Friday, March 9, 2012

BALTIMORE - CMS last month released a list of off-the-shelf (OTS) orthotic codes, and it's a good news-bad news scenario, say stakeholders.

The good news: The list clarifies what CMS considers to be OTS orthotics. Providers aren't required to have special certification for OTS, as they do for custom items.

"It's never been put in writing, and for providers, it depends on who they talk to if they can provide it or not," said Kelly Wolfe, CEO of Regency Billing and Consulting. "(Providers) will feel some comfort level knowing that they can provide them." 

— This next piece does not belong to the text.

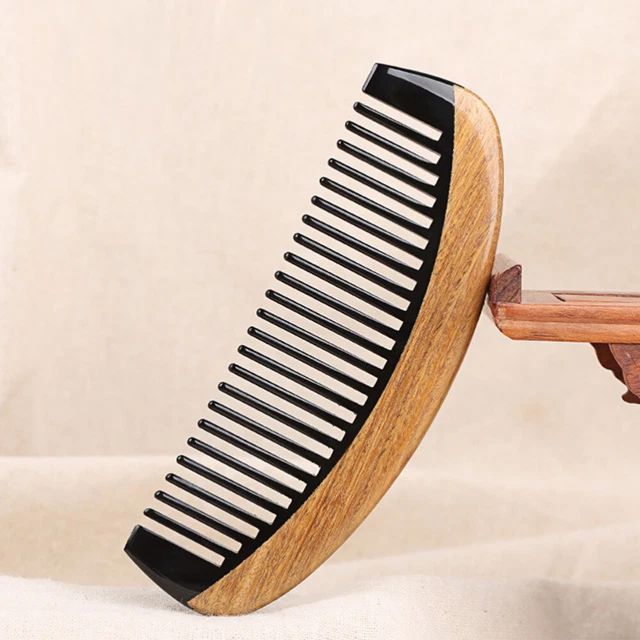 3pcs Horn Comb Teeth Wide Tooth Detangling Comb Anti-Static Horn Long Combs 3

CMS announced last week that it would accept comments on the list until March 16, instead of March 8. It released the list in response to confusion within the industry over which products have to be provided by certain qualified individuals.

The bad news: OTS orthotics is one of the categories that could be subject to competitive bidding, although it was not included in Rounds 1 or 2."It's a double-edged sword," said Wolfe. "They could either be considered OTS and subject to bidding or they could be on the shelf and then they would have to have the certification."

The list contains about 60 codes for items that require "minimal self-adjustment," as defined by law. Stakeholders at press time were still reviewing the list, but they expressed concerns that some items on the list should be considered custom devices, not OTS, and therefore, should only be provided by certified orthotic fitters or orthotists.

"An individual supplying these items should be knowledgeable and competent in measuring, fitting and adjusting as required," said Claudia Zacharias, president and CEO of the Board of Certification/Accreditation, International. "It would appear that many of these items do not meet the statutory definition of 'minimal self-adjustment.'"

The list seems simple enough, but there's a lot at stake. When an orthotic device isn't properly fitted, it can cause problems for the patient, said Zacharias.

"Our major concern is that an ill-fitting orthosis won't provide a positive result, and can even cause the exacerbation of a current condition or secondary complications requiring additional medical or surgical treatment," said Zacharias.

BOC, as a member of the O&P Alliance, has met with CMS to discuss the list. The O&P Alliance is a coalition of national organizations that represent orthotics and prosthetics.